Demystifying Druid - Streaming ingestion internals - Supervisors

Long time no see :) I believe this will be first post in almost 3 months.

Quick personal update - I am now a Senior Software Engineer in RnD team at Imply Data, primarily working on improving OSS Druid. This blog post will be serving like my own lecture in a somewhat legible format (my obsidian is a mess) while I am trying to make sense of the code base.

Introduction

Alright, quick recap, Druid is a real-time analytics database, designed for fast aggregations and low-latency queries on large datasets. You can go through the architecture in the official docs.

In this post, I care about Streaming ingestion internals of druid. I shall be diving deep into what an ingestion task looks like from the perspective of the Overlord and how it manages the ingestion tasks that read from streams like Kafka, Kinesis, etc. Now here are a few concepts that I will be using a lot in this post, so a quick recap (or glossary if you will):

Glossary

Term	Description
Segment	A unit of data in Druid, which is a time-ordered collection of rows. Segments are immutable and are created during ingestion.

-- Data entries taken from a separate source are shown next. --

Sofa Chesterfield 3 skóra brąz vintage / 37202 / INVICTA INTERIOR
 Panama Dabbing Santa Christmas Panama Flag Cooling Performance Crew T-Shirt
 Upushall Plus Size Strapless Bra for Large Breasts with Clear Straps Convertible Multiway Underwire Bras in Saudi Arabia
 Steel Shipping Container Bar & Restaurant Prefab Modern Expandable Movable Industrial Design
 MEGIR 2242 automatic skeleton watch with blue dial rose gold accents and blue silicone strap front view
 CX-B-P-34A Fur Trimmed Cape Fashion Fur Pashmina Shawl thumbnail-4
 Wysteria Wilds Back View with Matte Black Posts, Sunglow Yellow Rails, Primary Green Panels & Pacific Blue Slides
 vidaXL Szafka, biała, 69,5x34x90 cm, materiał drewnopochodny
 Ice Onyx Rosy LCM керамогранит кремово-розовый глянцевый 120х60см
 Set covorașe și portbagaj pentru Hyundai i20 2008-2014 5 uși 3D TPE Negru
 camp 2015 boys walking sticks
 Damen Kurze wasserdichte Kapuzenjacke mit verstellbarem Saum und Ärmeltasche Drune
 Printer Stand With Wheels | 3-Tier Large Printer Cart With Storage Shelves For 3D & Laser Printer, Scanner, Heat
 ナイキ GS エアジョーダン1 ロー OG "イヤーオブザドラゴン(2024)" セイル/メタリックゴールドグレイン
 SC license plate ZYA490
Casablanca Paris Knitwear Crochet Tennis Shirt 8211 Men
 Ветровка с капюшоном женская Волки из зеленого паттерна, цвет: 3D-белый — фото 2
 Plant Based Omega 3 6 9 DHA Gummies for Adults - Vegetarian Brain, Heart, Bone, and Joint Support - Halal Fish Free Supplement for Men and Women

They are stored on Historical nodes and can be queried by Druid’s query engine.
Tasks	It’s a job that runs on druid’s servers (Indexers, Middle Managers, K8s pods) for ingesting/compacting/moving segments (and in some cases, helping with queries as well).
Overlord	AKA Indexing Service, It’s a service that’s responsible for accepting tasks, coordinating task distribution among various runners, providing status and logs for these tasks while and maintaining appropriate locks for the tasks. For more, you can read here.
Supervisors	It handles a streaming ingestion-task and takes care of orchestrating segment handoffs and managing multiple ingestion tasks to read from the stream partitions.
segment handoffs	Transferring the ownership of a newly created segment from realtime ingestion nodes (Middle Managers / Indexers) to Historical nodes.

Magic of Supervisors

Why do I need a supervisor?

Imagine, you have a kafka topic with 100s of partitions. To read these partitions, you now need 100s of tasks and someway to orchestrate and verify whether these tasks are doing what they are supposed to do. It sits like a nice abstraction layer that does this heavy lifting for you.

Specs

With that out of the way, let’s take a look at supervisor specs. There are multiple specs for a Supervisor (depending on which kind of stream this supervisor is ingesting from), for the context of this post, I will be focusing on the KafkaSupervisorSpec that is used to ingest data from Kafka topics. (You can find the general specs here) A quick look at the ioConfig of a supervisor gives us a good intuition of what it is doing

taskCount: Et voilà, this is the number of ingestion task groups (will explain later) that will be created by the supervisor that will actively read records from the streams. So, if there are m partitions in the Kafka topic, the supervisor will map the partitions among the taskCount number of task-groups (in the simplest round-robin fashion).
autoScalerConfig: This is used for dynamic scaling of the ingestion tasks based on the partition lags. So, the supervisor must be having some way to monitor the lag and tune around the number of tasks.
replicas: Each taskGroup will have replicas number of tasks that will be reading from the same partition. This is useful for fault tolerance and to some extent, helping with the queries.
taskDuration: Hmm another hint! It indicates that each task that’s spawned by supervisor will run for a certain duration. So, the supervisor will also be responsible for spawning new tasks after the earlier ones are finished.
period: How frequently the supervisor performs its task management duties.

Supervisor architecture

One can imagine a supervisor as a event loop that periodically polls for Notices from a blocking Linked Queue. Kindly refer to the diagram present in #10524- Dynamic autoscale Kafka-Stream ingest tasks for a good idea of how the supervisor would look like.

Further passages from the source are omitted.